Question

Prove that ${{\sec }^{4}}\theta -{{\sec }^{2}}\theta ={{\tan }^{4}}\theta +{{\tan }^{2}}\theta $.

Answer 1

Hint: Take ${{\sec }^{2}}\theta $ common from the terms in L.H.S. and use ${{\sec }^{2}}\theta =1+{{\tan }^{2}}\theta $ and simplify the expression. Hence prove that L.H.S. = R.H.S.

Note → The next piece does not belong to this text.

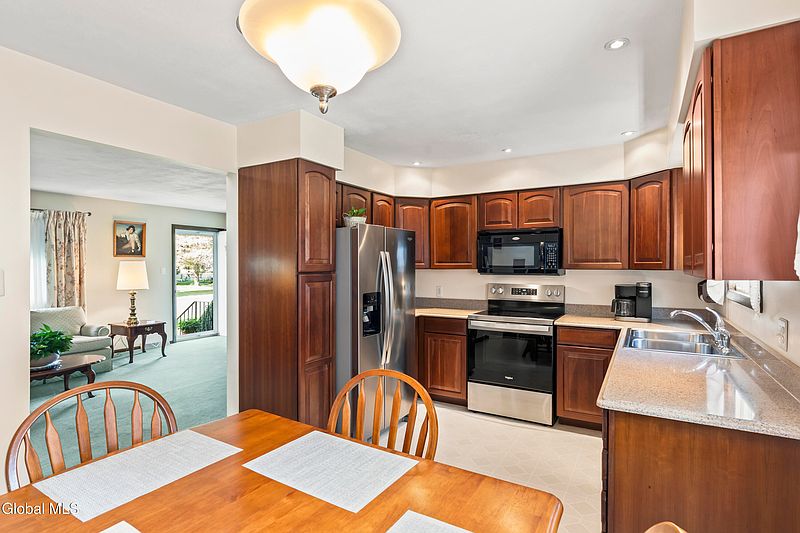 5th image of 1046 Gates Drive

Complete step-by-step answer:
Trigonometric ratios:
There are six trigonometric ratios defined on an angle of a right-angled triangle, viz sine, cosine, tangent, cotangent, secant and cosecant.
The sine of an angle is defined as the ratio of the opposite side to the hypotenuse.
The cosine of an angle is defined as the ratio of the adjacent side to the hypotenuse.
The tangent of an angle is defined as the ratio of the opposite side to the adjacent side.
The cotangent of an angle is defined as the ratio of the adjacent side to the opposite side.
The secant of an angle is defined as the ratio of the hypotenuse to the adjacent side.
The cosecant of an angle is defined as the ratio of the hypotenuse to the opposite side.
Pythagorean identities:
The identities ${{\sin }^{2}}\theta +{{\cos }^{2}}\theta =1,{{\sec }^{2}}\theta =1+{{\tan }^{2}}\theta $ and ${{\csc }^{2}}\theta =1+{{\cot }^{2}}\theta $ are known as Pythagorean identities as they are a direct consequence of Pythagoras’ theorem in a right-angled triangle.
We have L.H.S. $={{\sec }^{4}}\theta -{{\sec }^{2}}\theta $
We know that ${{\sec }^{2}}\theta =1+{{\tan }^{2}}\theta $.
Hence, we have
L.H.S. $={{\left( 1+{{\tan }^{2}}\theta \right)}^{2}}-\left( 1+{{\tan }^{2}}\theta \right)$
We know that ${{\left( a+b \right)}^{2}}={{a}^{2}}+2ab+{{b}^{2}}$
Using the above algebraic identity, we get
L.H.S. $=1+2{{\tan }^{2}}\theta +{{\tan }^{4}}\theta -1-{{\tan }^{2}}\theta $
Hence, we have L.H.S. $={{\tan }^{4}}\theta +{{\tan }^{2}}\theta $
Hence, we have L.H.S. = R.H.S.

Note: Alternative solution.
We have L.H.S $={{\sec }^{4}}\theta -{{\sec }^{2}}\theta $
Taking ${{\sec }^{2}}\theta $ common, we get
L.H.S $={{\sec }^{2}}\theta \left( {{\sec }^{2}}\theta -1 \right)$
Using ${{\sec }^{2}}\theta =1+{{\tan }^{2}}\theta $, we get
L.H.S $=\left( 1+{{\tan }^{2}}\theta \right)\left( {{\tan }^{2}}\theta \right)$
Using the distributive property of multiplication over addition, i.e. a(b+c) = ab+ac, we get
L.H.S $={{\tan }^{2}}\theta +{{\tan }^{4}}\theta $
Hence, we have L.H.S = R.H.S